Software Must Mask Hardware Volatility From Most Programmers
Despite the programming difficulties, the new level of performance promised by GPUs is undeniably valuable, and HPC-dependent organizations must reap that potential performance in a way that does not disrupt their overall missions. Thus, beyond key pilot projects, many of these organizations will find themselves waiting for the programming obstacles to be overcome before adopting GPUs broadly.
In addition to the exposure of the memory hierarchy detailed above, the uncertainty about the future HPC hardware landscape and software's ability to mask details of that landscape is another considerable obstacle. At the hardware level, GPUs could persist as distinct chips and cores, or GPU cores could be collocated with CPU cores on hybrid sockets, or GPU-core functionality could be subsumed into CPU cores. At the level of the memory hierarchy, compiler, and language, techniques may evolve that enable (subsets of) standard C and Fortran to run efficiently without today's exposure of the memory hierarchy. Each of these plausible scenarios would lead to a different approach for programming whole applications (i.e., those that need functionality beyond that supported by today's GPUs and their compilers).

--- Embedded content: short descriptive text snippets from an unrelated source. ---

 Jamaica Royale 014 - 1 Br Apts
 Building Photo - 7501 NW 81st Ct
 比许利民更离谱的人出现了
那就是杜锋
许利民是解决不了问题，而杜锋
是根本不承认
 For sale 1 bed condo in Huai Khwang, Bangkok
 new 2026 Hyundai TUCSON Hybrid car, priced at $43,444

If GPUs persist distinct from CPUs, then the splitting of work between GPUs and CPUs will be an enormous difficulty, as the large granularity needed for GPU computations (to overcome the cost of moving the data) is beyond the state of the art for compiler recognition. Of course, if GPU performance and functionality are subsumed by CPUs, then most of these problems evaporate. For GPUs to be broadly used, software interfaces or platforms must emerge that mask most of this uncertainty from the typical programmer. Those interfaces could be libraries and run-time support that enable a function to be executed on a GPU, if such a version exists, and hide the details of data motion. They could be compilers that prompt a programmer to provide the extra information needed to use the GPU memory hierarchy effectively. Or they could be compilers that do the necessary analysis automatically, or that cleverly map algorithms onto existing libraries of GPU kernels. They could be novel tools for computing on both the CPU and GPU cores simultaneously. Many aspects of the technical issues are not new and have been deeply explored by HPC researchers. Whatever path(s) emerge, most HPC-dependent organizations will expect stability of software interfaces, which in this case applies not only to correctness but also to performance, before making large investments to move more than the first few codes to exploit GPUs.

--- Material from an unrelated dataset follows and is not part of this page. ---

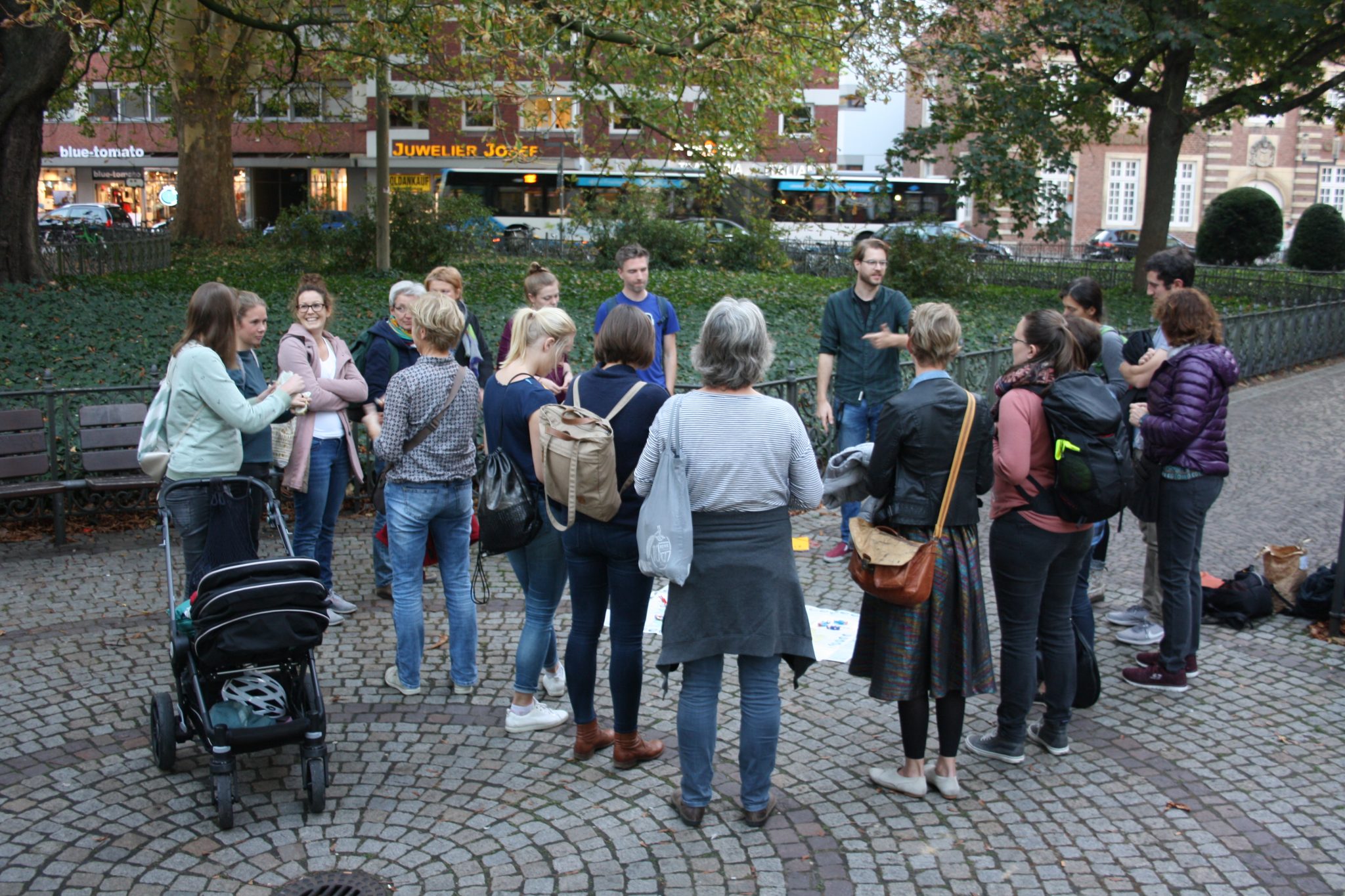 Bild zeigt eine Gruppe beim Stadtrundgang.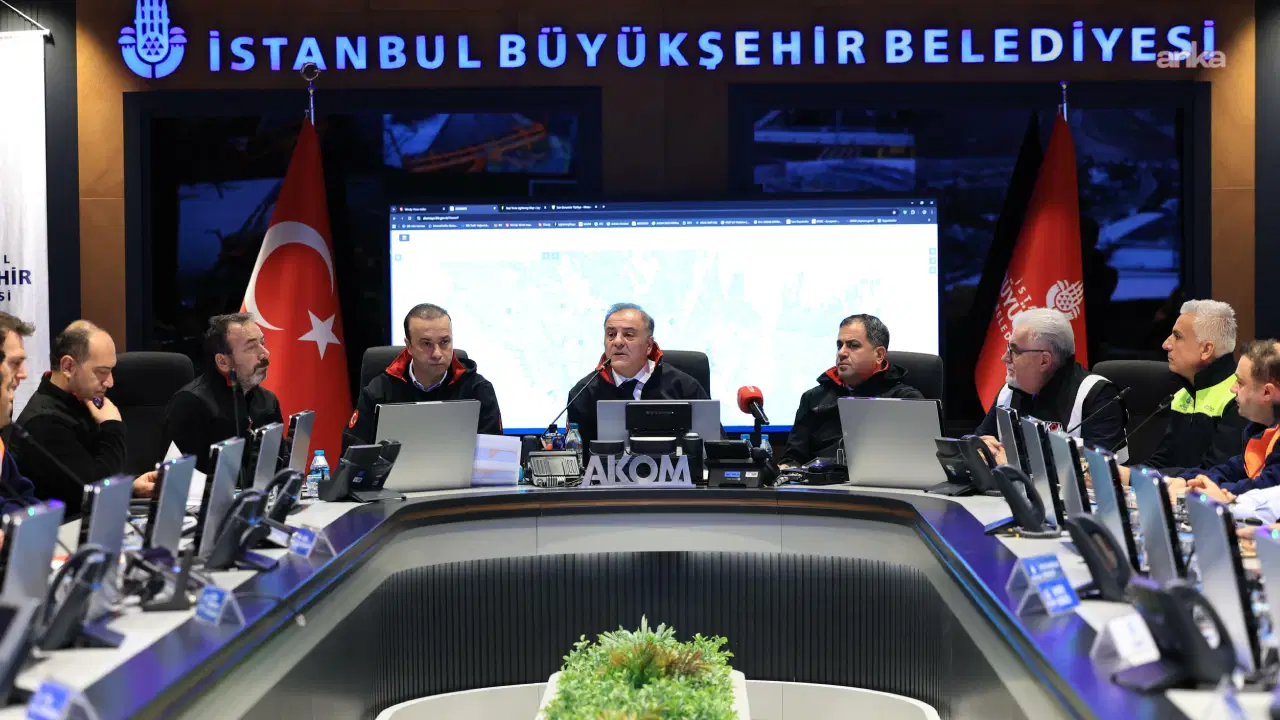 İBB Başkanvekili Nuri Aslan, kentte son durumu paylaştı: Ekiplerimiz görev başında trafik yoğunluğu normalin altında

A constraint sometimes overlooked in the enthusiasm for a new HPC technology (GPUs or otherwise) is that HPC has become vital to many organizations that do not have in-house HPC expertise, in contrast to the traditional market for HPC in government labs and universities. These non-HPC-expert organizations usually depend on software from third parties, sometimes commercial companies and sometimes open-source communities. Since developers of third-party software are usually obsessed by sustainability and are conservative in adoption of new programming methods, even ones that offer productivity benefits, they will need usable, standard interfaces before changing their codes. Of course, the HPC market is not monolithic, and organizations critically dependent on high-end HPC will still take extreme measures to get the maximum absolute performance possible on key applications, going well beyond the level of effort that the bulk of the market will contemplate, and accepting frequent reengineering as the cost of staying at the bleeding edge. But even those organizations will face these issues when considering other than their key applications.

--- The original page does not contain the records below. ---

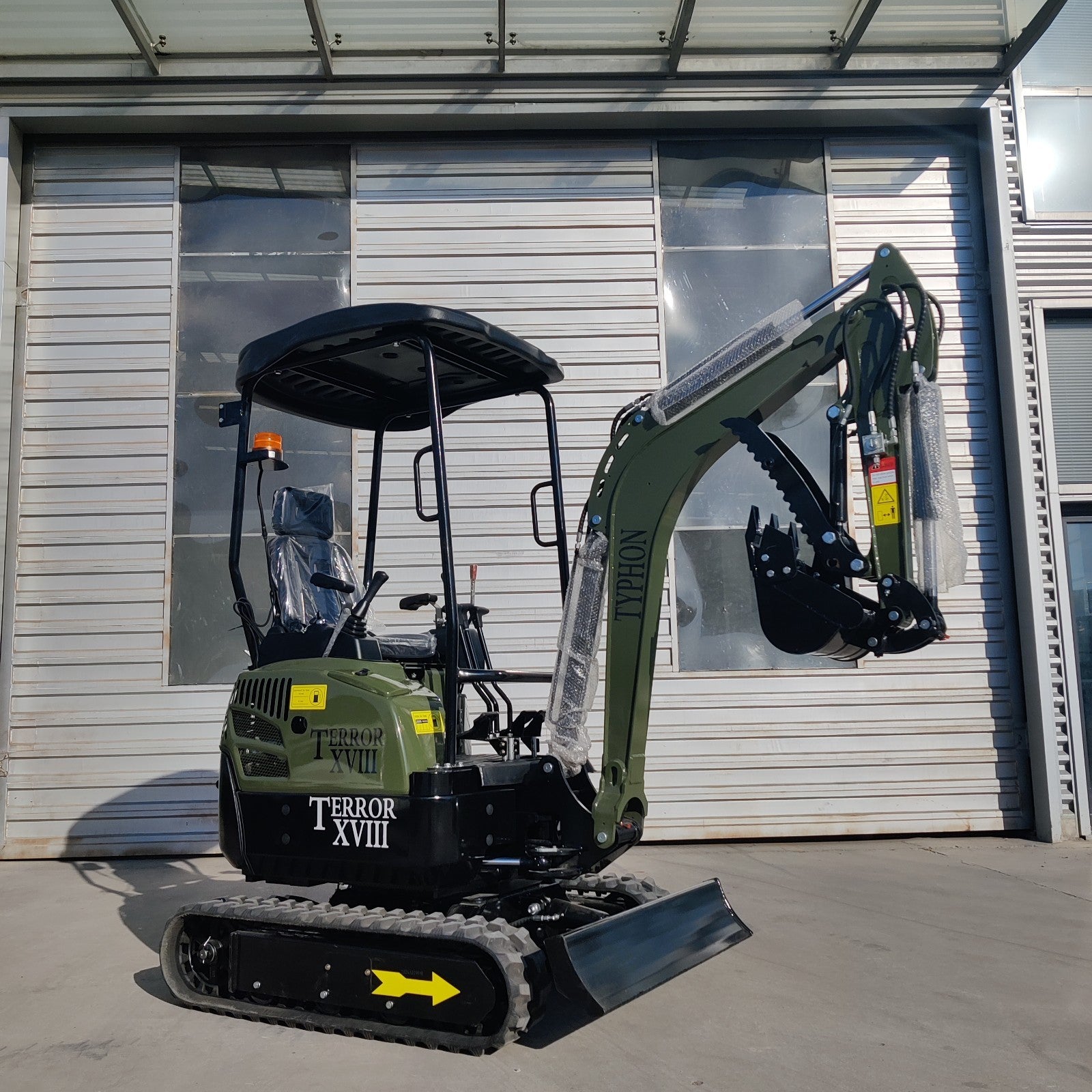KUBOTA D902 Diesel 4,000 lbs Mini Hydraulic Excavator Crawler Digger USA STOCK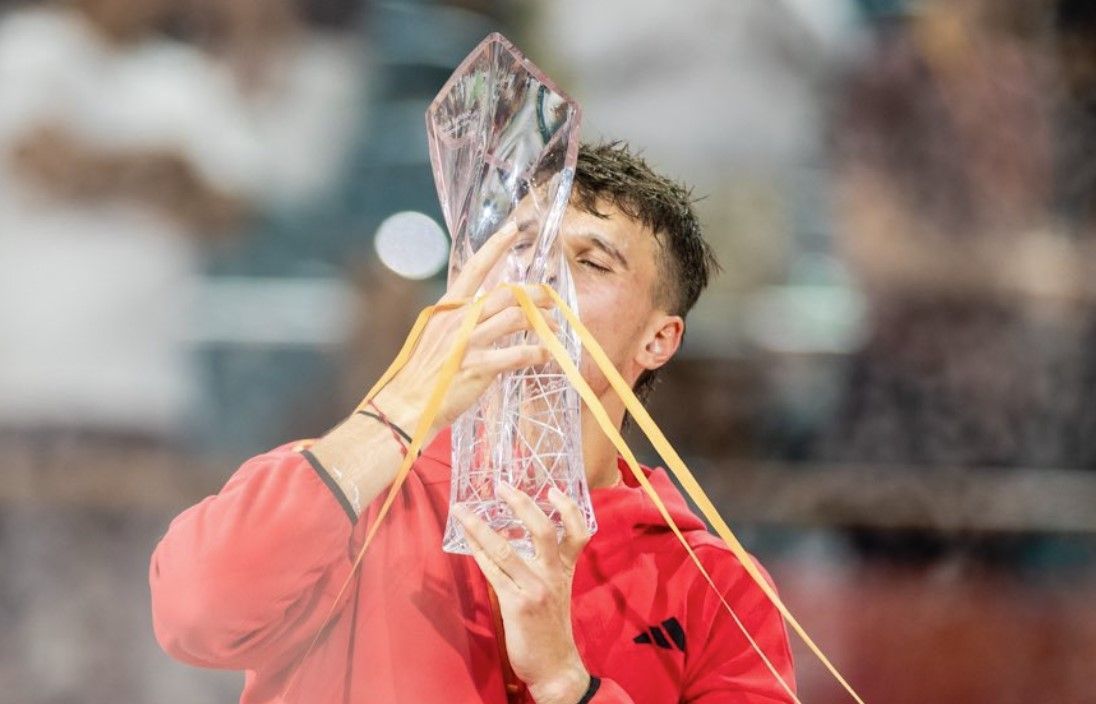 Mensik surpreende e impede 100º título de Djokovic ao conquistar Masters de Miami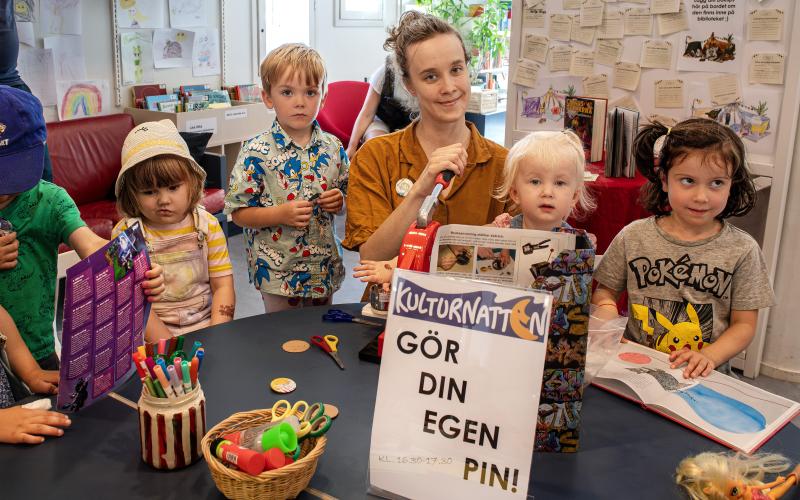 Teodora, Frans, Matilda Nordberg, Hilma och Juni vid pinsmaskinen i Mariehamns stadsbiblioteks pysselhörna under Kulturnatten. <@Fotograf>Amir Karbalaei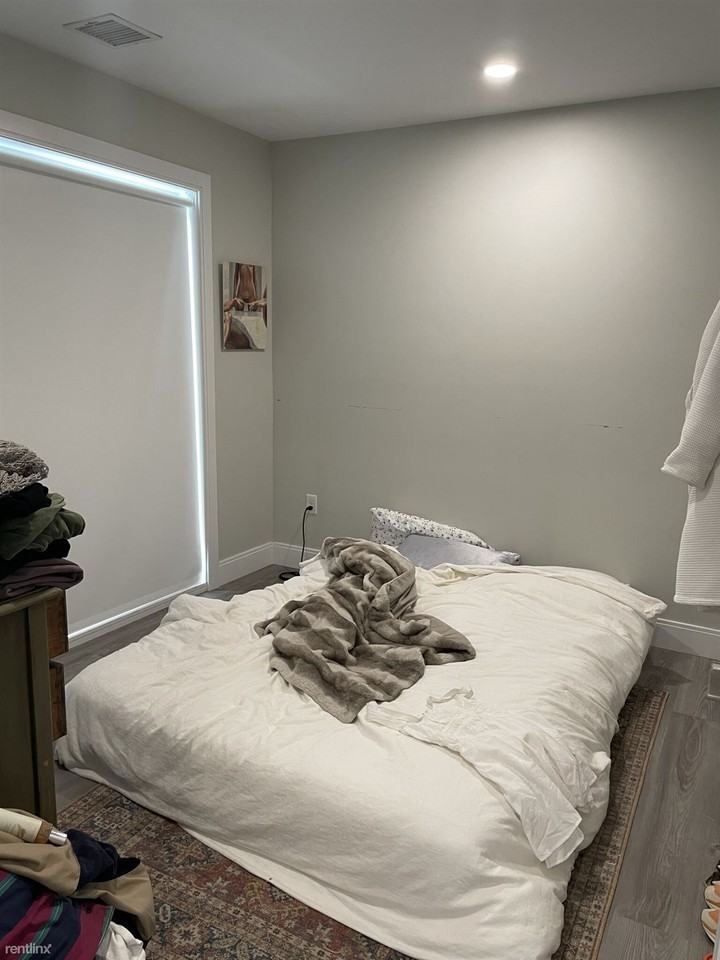 200 Old Colony Ave - Photo 3 of 11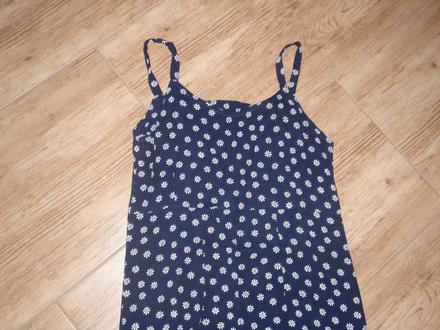 Kvietočkované šaty, m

Creating This Software Will Require Investments by HPC-dependent Organizations
Unfortunately, the usable, standard software I just described does not exist today, for the most part. Developing it will require significant investments of money, whether implemented as commercial products or as open-source collaborations, and ultimately HPC-dependent organizations will pay for this development. (See Paradigms for Parallel Computation, by Dan Stanzione et al., for related views.) HPC-dependent organizations that primarily use open-source software tools may want to consider chartering or supporting development projects to address these issues. Organizations that use commercial program development tools will need to make considered early purchases of products that solve these problems in practical, sustainable ways.
However the money is spent, HPC-dependent organizations need to anticipate that a larger fraction of their overall budget will be invested in application development tools than traditionally. Organizations that navigate the adoption of this disruptive technology wisely can expect to have markedly higher delivered performance for less money and power than their competitors.